To further examine the role of Menin in the survival of CD4 T cells after antigenic stimulation, in vitro-activated effector CD4 T cells from WT (CD45.1) and Menin KO (CD45.2) mice were mixed 1:1 and adoptively transferred into naive TCR-βδ KO mice. As shown in Fig. 2b, significant reductions of CD45.2-positive Menin KO CD4 T cells were detected in all the tested tissues (the spleen, liver, lung and PBMCs) 4 weeks after the cell transfer.

Next, we investigated the airway inflammation in Menin KO mice using an in vivo model.
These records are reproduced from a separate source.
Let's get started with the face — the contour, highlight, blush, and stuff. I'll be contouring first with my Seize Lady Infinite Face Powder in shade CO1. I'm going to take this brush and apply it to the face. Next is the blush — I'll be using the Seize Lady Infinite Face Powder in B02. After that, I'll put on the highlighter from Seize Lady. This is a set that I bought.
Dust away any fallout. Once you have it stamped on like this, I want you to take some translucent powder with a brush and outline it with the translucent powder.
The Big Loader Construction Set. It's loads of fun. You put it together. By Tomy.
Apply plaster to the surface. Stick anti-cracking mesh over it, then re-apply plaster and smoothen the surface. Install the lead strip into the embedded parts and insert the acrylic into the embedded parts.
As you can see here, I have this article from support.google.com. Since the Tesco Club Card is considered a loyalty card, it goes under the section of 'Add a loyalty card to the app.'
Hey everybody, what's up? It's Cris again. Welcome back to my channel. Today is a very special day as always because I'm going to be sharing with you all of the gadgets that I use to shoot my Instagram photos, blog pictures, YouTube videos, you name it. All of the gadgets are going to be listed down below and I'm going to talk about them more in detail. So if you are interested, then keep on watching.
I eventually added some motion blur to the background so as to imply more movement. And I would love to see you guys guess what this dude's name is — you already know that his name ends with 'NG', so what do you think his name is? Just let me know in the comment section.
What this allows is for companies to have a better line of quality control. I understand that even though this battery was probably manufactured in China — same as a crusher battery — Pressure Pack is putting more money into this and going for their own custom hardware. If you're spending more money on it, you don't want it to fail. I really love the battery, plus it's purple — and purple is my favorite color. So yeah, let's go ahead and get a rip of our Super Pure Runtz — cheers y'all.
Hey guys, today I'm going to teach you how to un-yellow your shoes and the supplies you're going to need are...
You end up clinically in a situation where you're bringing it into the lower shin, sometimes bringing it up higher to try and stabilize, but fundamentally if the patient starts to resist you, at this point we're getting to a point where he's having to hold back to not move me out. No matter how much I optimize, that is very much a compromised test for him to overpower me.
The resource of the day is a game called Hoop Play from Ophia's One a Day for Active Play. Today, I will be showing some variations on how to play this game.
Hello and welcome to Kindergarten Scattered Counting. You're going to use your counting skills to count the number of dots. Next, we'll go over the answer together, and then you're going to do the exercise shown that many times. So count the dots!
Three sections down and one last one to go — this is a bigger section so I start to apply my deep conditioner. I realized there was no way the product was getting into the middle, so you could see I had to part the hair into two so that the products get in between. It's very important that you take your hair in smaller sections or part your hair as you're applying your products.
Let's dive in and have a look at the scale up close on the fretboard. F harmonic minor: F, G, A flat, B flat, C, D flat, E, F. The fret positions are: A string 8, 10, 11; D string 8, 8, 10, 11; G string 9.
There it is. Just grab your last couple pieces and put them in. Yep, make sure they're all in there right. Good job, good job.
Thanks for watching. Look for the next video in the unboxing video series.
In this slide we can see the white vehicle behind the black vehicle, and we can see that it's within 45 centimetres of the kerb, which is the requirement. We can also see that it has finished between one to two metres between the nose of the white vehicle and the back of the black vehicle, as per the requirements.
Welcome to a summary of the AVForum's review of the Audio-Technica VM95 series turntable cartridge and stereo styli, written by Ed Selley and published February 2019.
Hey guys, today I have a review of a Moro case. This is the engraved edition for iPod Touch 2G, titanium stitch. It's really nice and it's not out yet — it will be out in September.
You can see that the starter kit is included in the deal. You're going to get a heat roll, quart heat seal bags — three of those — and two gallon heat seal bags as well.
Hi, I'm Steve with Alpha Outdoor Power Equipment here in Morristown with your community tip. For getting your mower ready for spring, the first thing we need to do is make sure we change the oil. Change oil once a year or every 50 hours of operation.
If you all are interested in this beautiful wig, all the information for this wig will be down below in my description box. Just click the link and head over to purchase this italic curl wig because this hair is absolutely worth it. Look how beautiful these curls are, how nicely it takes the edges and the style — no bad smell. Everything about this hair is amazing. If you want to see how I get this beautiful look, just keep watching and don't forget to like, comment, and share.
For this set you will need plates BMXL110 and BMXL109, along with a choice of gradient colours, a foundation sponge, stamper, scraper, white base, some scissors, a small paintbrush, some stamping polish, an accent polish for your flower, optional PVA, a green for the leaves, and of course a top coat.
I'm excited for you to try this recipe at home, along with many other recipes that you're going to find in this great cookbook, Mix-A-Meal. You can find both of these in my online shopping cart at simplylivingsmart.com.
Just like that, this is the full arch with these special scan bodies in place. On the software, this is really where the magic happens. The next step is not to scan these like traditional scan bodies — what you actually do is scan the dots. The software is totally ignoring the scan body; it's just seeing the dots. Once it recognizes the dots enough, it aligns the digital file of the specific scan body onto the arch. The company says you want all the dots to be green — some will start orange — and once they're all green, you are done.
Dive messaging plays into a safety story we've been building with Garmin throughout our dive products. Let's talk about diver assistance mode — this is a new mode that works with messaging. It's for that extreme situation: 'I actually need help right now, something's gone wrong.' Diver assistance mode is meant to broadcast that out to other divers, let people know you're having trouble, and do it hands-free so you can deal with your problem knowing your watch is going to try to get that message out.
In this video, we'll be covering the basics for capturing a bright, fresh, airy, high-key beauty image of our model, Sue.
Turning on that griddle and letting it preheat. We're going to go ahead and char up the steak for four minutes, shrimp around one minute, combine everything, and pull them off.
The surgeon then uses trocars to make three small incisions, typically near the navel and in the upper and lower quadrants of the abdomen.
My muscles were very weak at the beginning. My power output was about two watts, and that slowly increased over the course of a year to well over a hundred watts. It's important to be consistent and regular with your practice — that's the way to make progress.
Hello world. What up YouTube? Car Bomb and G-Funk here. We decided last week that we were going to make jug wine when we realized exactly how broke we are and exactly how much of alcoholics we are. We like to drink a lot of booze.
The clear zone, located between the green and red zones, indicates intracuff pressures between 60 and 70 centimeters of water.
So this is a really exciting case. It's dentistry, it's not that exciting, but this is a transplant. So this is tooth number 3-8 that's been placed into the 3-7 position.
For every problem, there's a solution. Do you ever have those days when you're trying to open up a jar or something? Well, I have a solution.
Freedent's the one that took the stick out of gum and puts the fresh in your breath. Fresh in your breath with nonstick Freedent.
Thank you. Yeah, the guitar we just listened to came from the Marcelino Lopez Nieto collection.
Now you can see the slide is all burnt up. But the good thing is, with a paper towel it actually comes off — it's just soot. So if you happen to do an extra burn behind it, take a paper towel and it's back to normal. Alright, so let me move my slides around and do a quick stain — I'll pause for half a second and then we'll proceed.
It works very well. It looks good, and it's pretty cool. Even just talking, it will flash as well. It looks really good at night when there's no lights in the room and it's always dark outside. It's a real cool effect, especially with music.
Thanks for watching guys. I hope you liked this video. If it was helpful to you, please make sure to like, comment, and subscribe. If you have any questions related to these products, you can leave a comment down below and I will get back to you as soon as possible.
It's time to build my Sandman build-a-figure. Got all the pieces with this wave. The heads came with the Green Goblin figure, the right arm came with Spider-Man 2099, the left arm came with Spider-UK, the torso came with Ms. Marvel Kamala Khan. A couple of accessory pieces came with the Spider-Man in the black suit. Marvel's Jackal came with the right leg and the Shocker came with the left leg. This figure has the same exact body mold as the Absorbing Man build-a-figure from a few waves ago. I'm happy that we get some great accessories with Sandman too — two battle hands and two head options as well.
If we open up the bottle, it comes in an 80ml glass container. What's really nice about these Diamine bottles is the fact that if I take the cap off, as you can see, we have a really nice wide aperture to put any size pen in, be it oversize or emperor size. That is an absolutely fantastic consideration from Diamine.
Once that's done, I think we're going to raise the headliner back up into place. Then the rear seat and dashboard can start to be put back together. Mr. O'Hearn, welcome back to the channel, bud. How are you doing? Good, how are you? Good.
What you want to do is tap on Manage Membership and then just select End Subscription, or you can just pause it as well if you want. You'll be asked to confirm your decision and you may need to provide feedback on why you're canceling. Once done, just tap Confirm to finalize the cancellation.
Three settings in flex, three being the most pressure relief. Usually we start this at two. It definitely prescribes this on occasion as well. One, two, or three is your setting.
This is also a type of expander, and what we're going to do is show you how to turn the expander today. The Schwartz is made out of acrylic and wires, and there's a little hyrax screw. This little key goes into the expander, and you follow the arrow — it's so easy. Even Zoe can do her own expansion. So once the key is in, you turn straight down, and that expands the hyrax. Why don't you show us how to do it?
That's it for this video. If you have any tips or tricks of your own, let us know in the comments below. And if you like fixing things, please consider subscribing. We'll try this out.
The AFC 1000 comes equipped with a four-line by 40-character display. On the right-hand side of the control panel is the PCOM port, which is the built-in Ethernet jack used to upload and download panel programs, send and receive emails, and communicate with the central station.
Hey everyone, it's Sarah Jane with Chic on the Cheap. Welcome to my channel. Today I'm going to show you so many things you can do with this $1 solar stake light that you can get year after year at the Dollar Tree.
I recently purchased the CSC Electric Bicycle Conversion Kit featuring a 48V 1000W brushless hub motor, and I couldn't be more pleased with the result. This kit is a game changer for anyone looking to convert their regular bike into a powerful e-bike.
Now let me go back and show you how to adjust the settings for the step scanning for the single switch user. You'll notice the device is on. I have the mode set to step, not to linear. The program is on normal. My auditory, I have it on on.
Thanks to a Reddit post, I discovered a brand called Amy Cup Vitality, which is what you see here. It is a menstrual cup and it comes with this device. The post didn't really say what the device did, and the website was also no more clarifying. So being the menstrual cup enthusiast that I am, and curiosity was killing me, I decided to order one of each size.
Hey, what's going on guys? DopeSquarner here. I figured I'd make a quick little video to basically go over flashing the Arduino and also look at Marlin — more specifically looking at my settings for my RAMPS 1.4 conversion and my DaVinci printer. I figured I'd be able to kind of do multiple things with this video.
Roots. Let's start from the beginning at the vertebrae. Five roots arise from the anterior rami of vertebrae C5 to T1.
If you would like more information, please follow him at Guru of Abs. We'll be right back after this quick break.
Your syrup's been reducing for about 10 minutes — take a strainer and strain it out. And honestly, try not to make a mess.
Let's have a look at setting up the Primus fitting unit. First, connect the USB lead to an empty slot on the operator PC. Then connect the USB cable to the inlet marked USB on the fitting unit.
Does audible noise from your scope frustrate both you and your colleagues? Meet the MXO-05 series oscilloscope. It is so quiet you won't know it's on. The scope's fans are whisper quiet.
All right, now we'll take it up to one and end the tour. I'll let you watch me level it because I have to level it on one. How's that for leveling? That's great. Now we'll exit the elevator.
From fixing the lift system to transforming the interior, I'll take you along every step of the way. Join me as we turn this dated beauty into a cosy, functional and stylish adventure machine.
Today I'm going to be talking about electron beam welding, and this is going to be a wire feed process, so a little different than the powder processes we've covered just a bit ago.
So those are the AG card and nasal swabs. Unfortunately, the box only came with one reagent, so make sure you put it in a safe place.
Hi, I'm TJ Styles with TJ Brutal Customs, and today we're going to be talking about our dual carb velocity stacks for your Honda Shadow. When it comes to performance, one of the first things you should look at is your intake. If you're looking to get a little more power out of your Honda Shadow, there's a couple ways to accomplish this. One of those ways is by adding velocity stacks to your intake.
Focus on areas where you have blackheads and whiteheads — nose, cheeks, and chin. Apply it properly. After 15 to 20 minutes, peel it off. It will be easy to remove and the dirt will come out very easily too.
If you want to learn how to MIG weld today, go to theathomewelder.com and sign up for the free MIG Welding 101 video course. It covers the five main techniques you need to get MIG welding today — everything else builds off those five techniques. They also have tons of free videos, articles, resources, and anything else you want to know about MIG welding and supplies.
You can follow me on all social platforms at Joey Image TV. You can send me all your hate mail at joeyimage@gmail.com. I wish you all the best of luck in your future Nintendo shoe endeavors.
WT and Menin KO mice were immunized with OVA containing alum and then were challenged with inhaled OVA. This decreased the inflammatory cell infiltration in the bronchioalveolar lavage (BAL) fluid of the OVA-immunized Menin KO mice compared with that in WT mice (Fig. 2c). The number of mononuclear cells infiltrating the peribronchiolar regions of the lungs in Menin KO mice also decreased (Fig. 2d).

Finally, we assessed the impact of Menin deficiency on the host defenses against Listeria monocytogenes (Lm) infection. The bacterial burden in the spleens of the Menin KO mice 3 days after primary infection was comparable to that observed in the WT mice (Fig. 2e, left panel). However, the bacterial burden was significantly higher in the Menin KO mice than in the WT mice after secondary Lm infection (recall response) (Fig. 2e, right panel). These results indicate that the expansion, survival and function of antigen-stimulated CD4 T cells in vivo require Menin.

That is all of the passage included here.